ボツワナ🇧🇼より【柔道でつなぐ世界!No.4】

JUDOsでは、海外で柔道指導者として活躍されている方々の声をお届けする「海外からの柔道指導だより」を掲載しています。

アフリカ南部のボツワナで青年海外協力隊として活動をしている大島繁之さんからの活動報告です!


青年海外協力隊inボツワナ🇧🇼
柔道でつなぐ世界! No.4

私がボツワナ共和国に到着したのが昨年の2023年1月であり、早くも青年海外協力隊としての活動が1年経過してしまいました。あっという間に後半戦を迎えている2024年2月現在ですが、今回はこの1年間を振り返りながら今後の活動についても触れていけたらと思います。

日本がいかに恵まれているかを感じた日々

日本では普段、畳がないところで柔道を練習するということは経験しないのではないかと思います。私の所属先のNGOではスポンジ状のスポーツ用のマットを利用して柔道を練習しています。常設ではないので練習前にみんなで並べて敷かなければならず、練習後には片づけなければなりません。柔道衣は寄付で頂いたものを共有して利用しています。

練習時間についても安全面などを考慮して日が暮れる前に生徒は帰らなければならないので練習時間を確保することがなかなか難しい状況です。日本であれば、子供たちは自分の柔道衣を持参して常設の柔道場にて練習を行い、親御様の送り迎えなどで夜練習を行う柔道教室もあるのではないかと思います。しかしそれは、他国と比べて経済的にも豊かで安全な国だからこそできることなのだなと私は感じました。柔道の大会についても、大会参加費の予算が準備できないという理由で大会に参加できない場合があるということは想像したことがありませんでした。

そのようなことを考える私の一方で、ボツワナにいる私の生徒たちは週1回程度の短い時間ながらもみんなで毎回マットを運び、寄付の柔道衣を着て練習する柔道の授業をシンプルに楽しんでくれています。自分が経験した日本の環境と過度に比べることなく今のボツワナでできる柔道をしようと思い、色々と日々模索しているのが私の現在地です。

自分ができることを柔軟に考える

私はこの活動で「柔道の授業を通じて子供達の心身発達、社会性向上に貢献する」という目標を掲げています。この目標を達成するには限られた条件の中で柔道の授業をただ行うだけでなく、今まで生きてきた中での知識や経験、人脈などを駆使して色々と試してみることも重要だと私は思っています。

 

ボツワナではボツワナ柔道連盟が柔道の昇級、昇段試験制度を設けているのですが、認定証は交付していないということを聞きました。認定証があると生徒のモチベーションにもつながるのではないかと同僚にも相談した結果、新規に認定証のデザインを考えてみることにしました。
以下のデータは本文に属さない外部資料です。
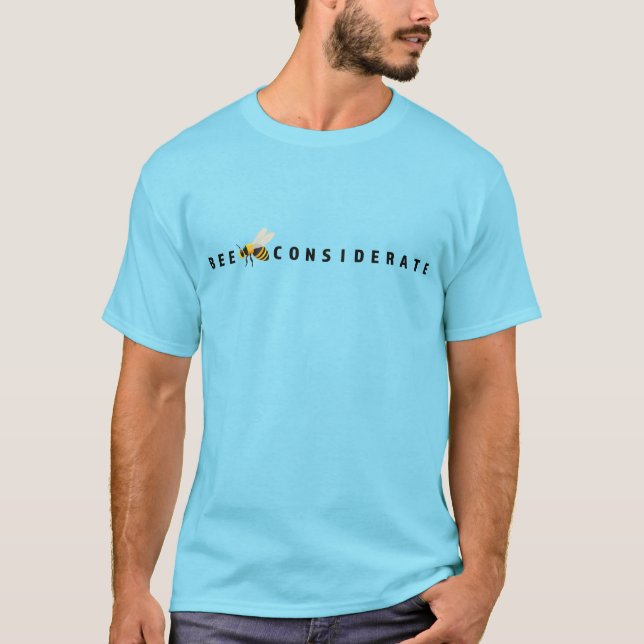 Bee Considerate Öko Friendly T - Shirt (Vorderseite)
※5級(黄色帯)、4級(オレンジ帯)、3級(緑帯)までの昇級試験は、私と同僚のコーチが試験官としてNGO施設内にて昇級試験を開催して良いという許可をボツワナ柔道連盟から受けています。今回は同施設内で実施する昇級試験用の認定証を作成しました。

NGOとして生徒一人一人に帯を買ってあげることは予算上難しいのですが、試験の合格を認定証の交付でお祝いし、JICAの寄付プログラムにて頂いた色帯を練習時に貸出しています。希望すれば誰でも受験できるこの昇級試験に対する生徒の関心は高く、早く昇級したいという気持ちで生徒たちは色々な技の習得に日々取り組んでいます。彼らの柔道に対する向上心が将来、広く社会に対しても生かされることを願っています。


認定証の表


認定証の裏

ボツワナ柔道では各級ごとに定められた柔道の投技、寝技と共に日本語の柔道用語を覚えなければなりません。昇級試験の際にはその技が実際に使えるかどうか、用語を覚えているかをチェックしています。

残りの1年で何ができるか

初めて会うボツワナ人に対して自己紹介をする際、私は柔道指導者としてボランティア活動を行っていることを伝えています。しかしながら、ボツワナ人にとって柔道はまだまだ知名度が低く、空手や他の格闘技と混同してしまっているようです。そのようなこともあり、残りの時間の中で私は引き続きNGOで柔道指導に携わりつつ、ボツワナ全体に目を向けた柔道の普及活動も必要だと感じました。各地のイベントや学校などを訪問できる際に柔道を紹介していくことで、柔道への関心及び理解が深まるようこれからもボツワナにて活動していきたいと思っています。

先日、JICAボツワナ支所にて中間報告会があり、この1年間の活動について報告を行いました。慣れない英語での活動報告でしたが、他の協力隊員や支所のスタッフ、所属先の同僚に聞いていただきました。

今年の1月に日本へ一時帰国した際、以前に青年海外協力隊としてボツワナで柔道隊員として活動されていたOB隊員の方とお会いすることができました。当時の活動に関する話や今のボツワナの状況について情報共有をさせていただきました。